### Assignment
Leave the images aside and repeat the whole listing exactly.

### Given information
◆ ◆ ◆ ◆ ◆
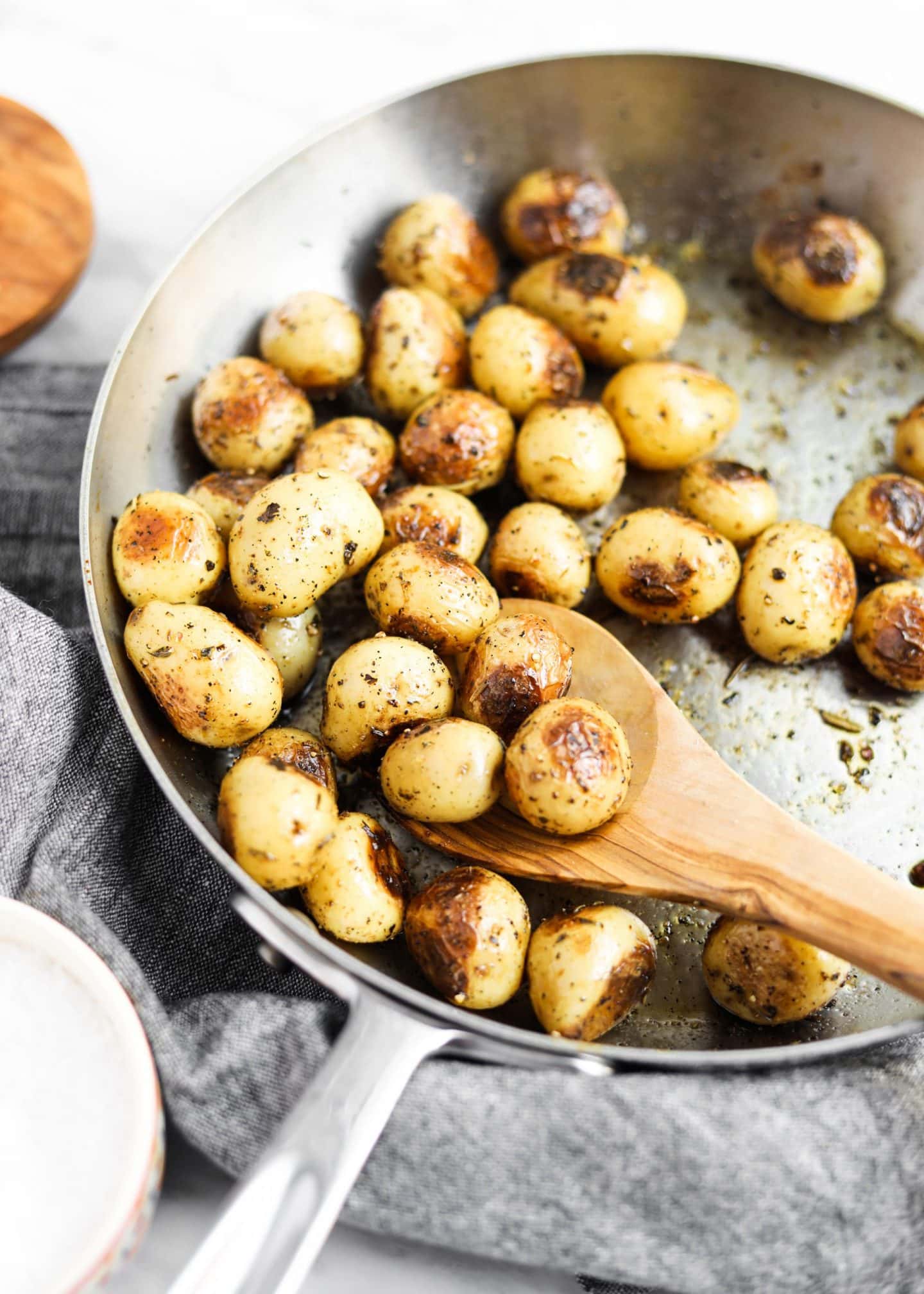 potatoes roasting in a pan with spoon and herbs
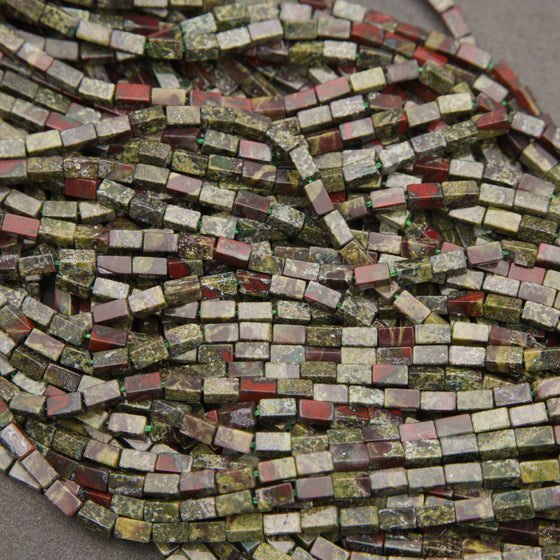 Dragon Blood Jasper rectangular beads featuring deep green and earthy red tones with natural mottled patterns.
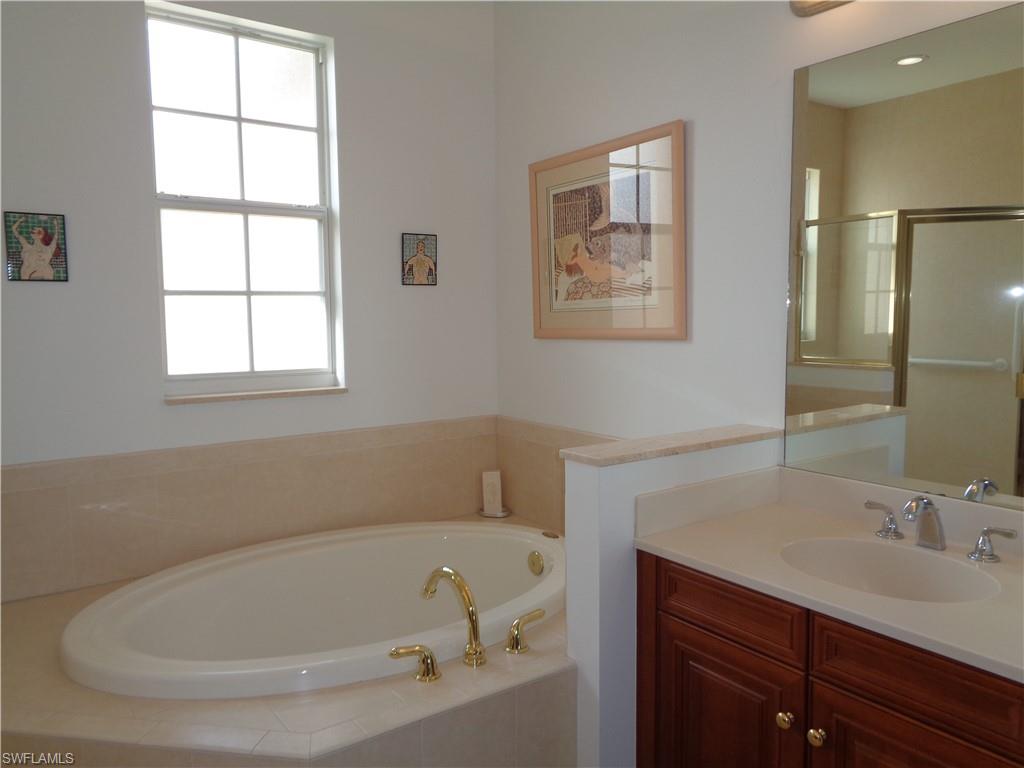 709 Regency Reserve Circle, Unit 6003 Naples, FL 34119 - Photo 27 of 44 a white bath tub sitting next to a white sink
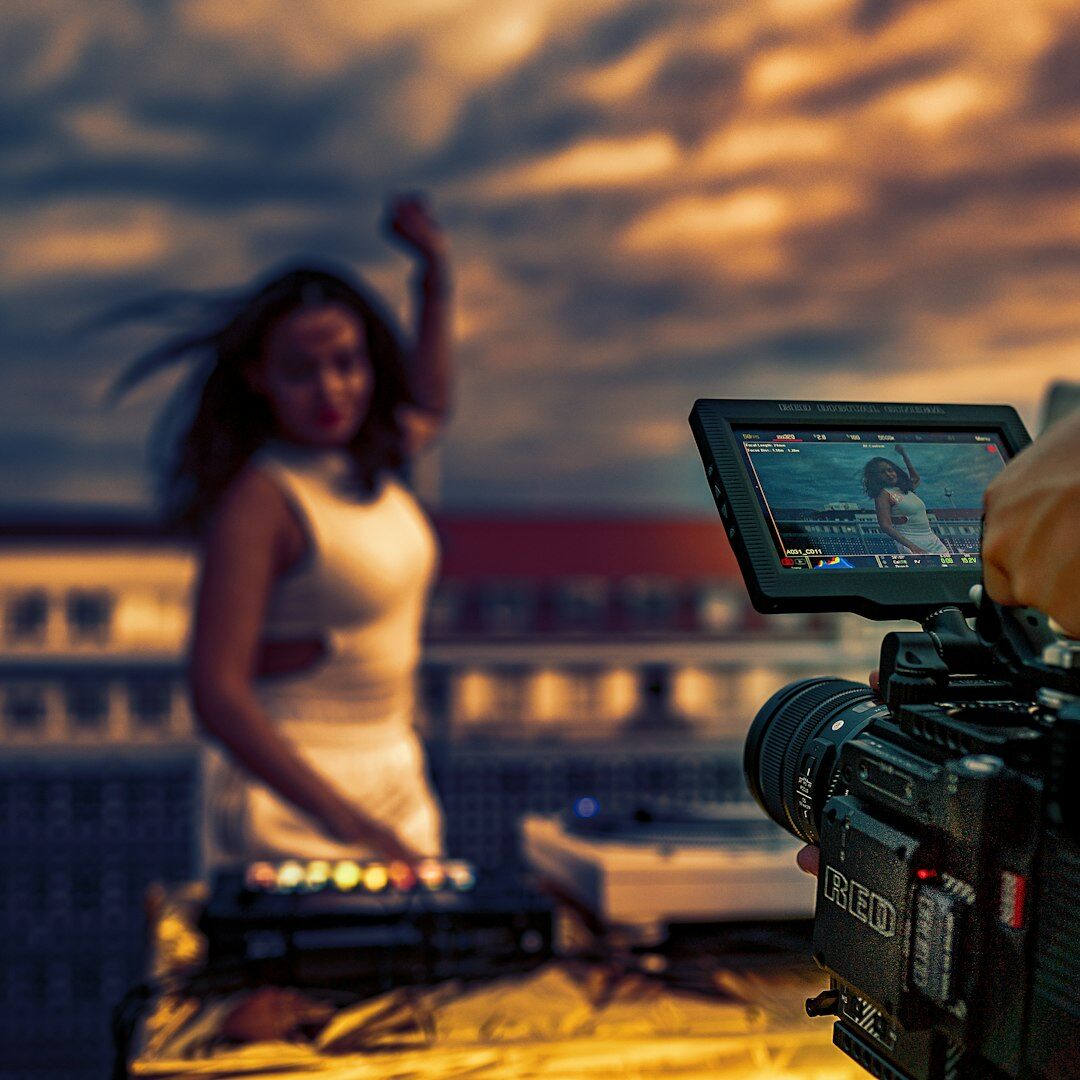 Camera operator adjusting a broadcast camera on set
◆ ◆ ◆ ◆ ◆
### Answer to this task
 potatoes roasting in a pan with spoon and herbs
 Dragon Blood Jasper rectangular beads featuring deep green and earthy red tones with natural mottled patterns.
 709 Regency Reserve Circle, Unit 6003 Naples, FL 34119 - Photo 27 of 44 a white bath tub sitting next to a white sink
 Camera operator adjusting a broadcast camera on set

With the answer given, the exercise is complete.